▸ **The problem**
Please copy exactly the line containing "Falling Snowflakes - Art" and every line after it, through the last line of the records below, leaving out all pictures.

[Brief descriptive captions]
=== Section Start ===

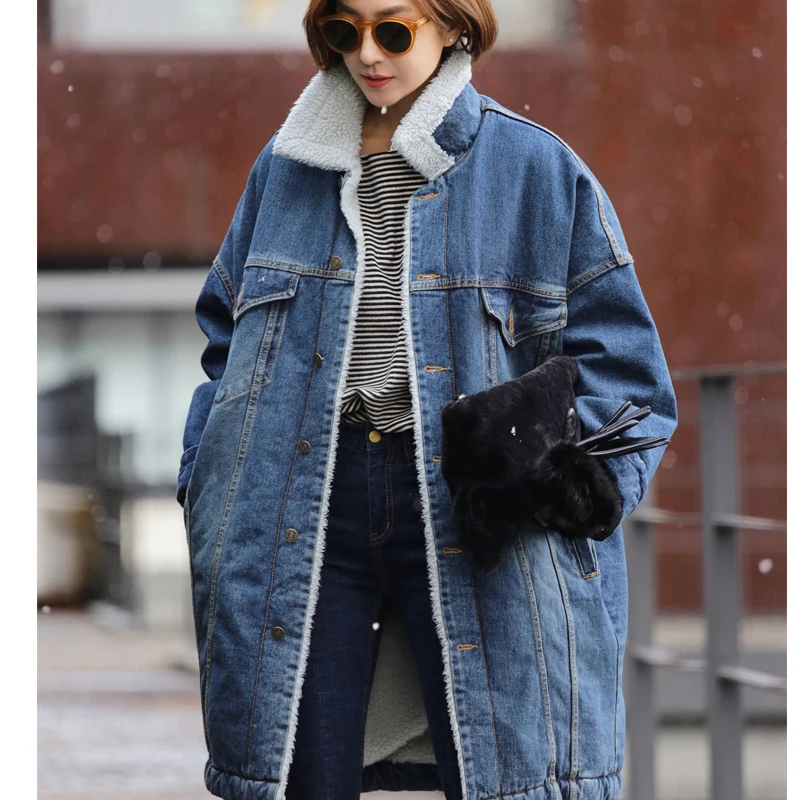 Ретро Женская флис толстый длинный джинсы пальто зима большой лацкан Подкладка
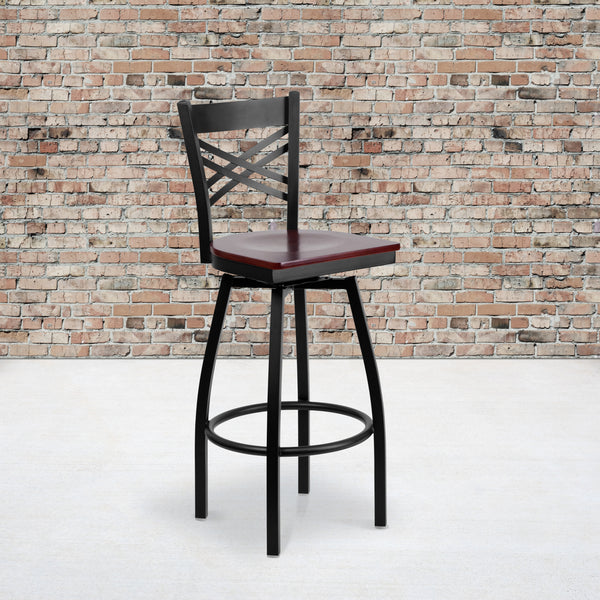 SINGLEWAVE Series Black ''X'' Back Swivel Metal Barstool - Mahogany Wood Seat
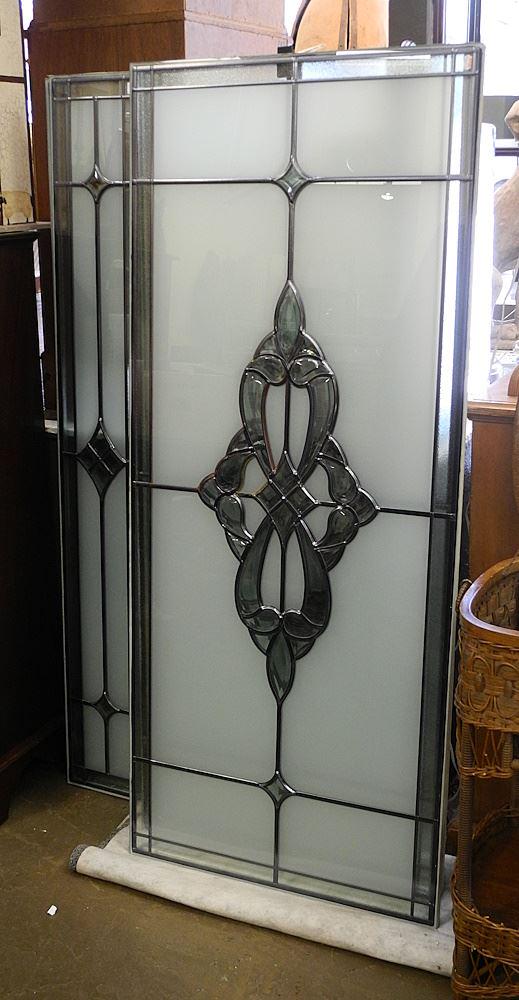 5 Leaded Glass Panels:3@ 58 1/2" x 24 1/2" x 3/4" / 2@ 58 1/2" x 8 1/2" x 3/4". (1 of 4)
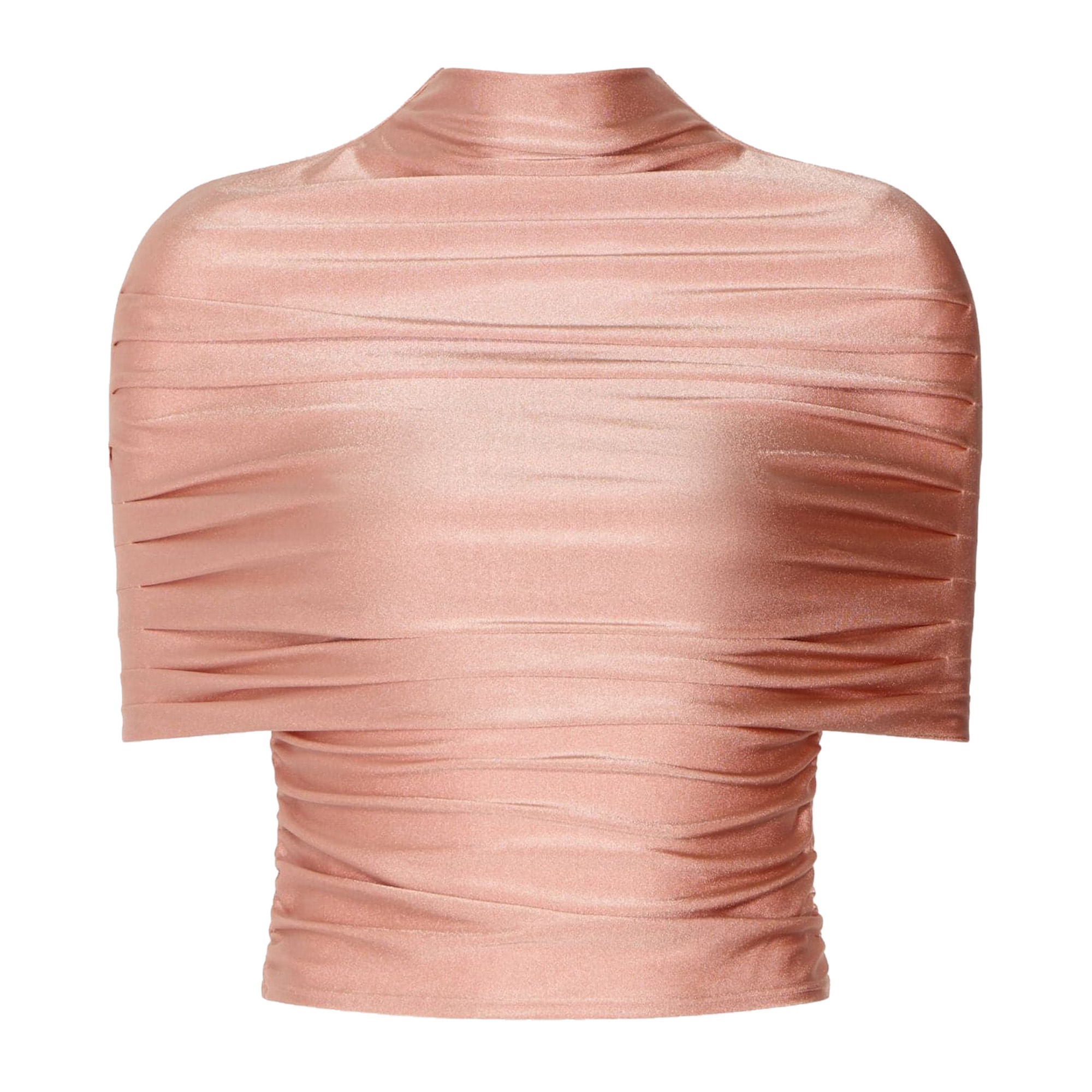 Shine Jersey Mock Neck Ruched Top
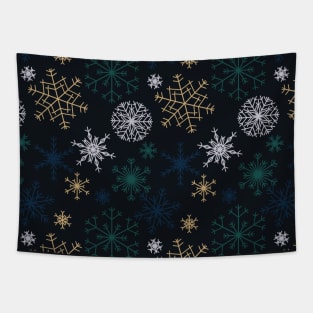 Falling Snowflakes - Art Deco - Minimalist Colorful Holidays Tapestry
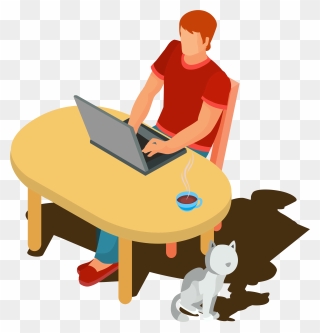 Working Guy On Computer Clipart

=== Section End ===

▸ **Result of the exercise**
 Falling Snowflakes - Art Deco - Minimalist Colorful Holidays Tapestry
 Working Guy On Computer Clipart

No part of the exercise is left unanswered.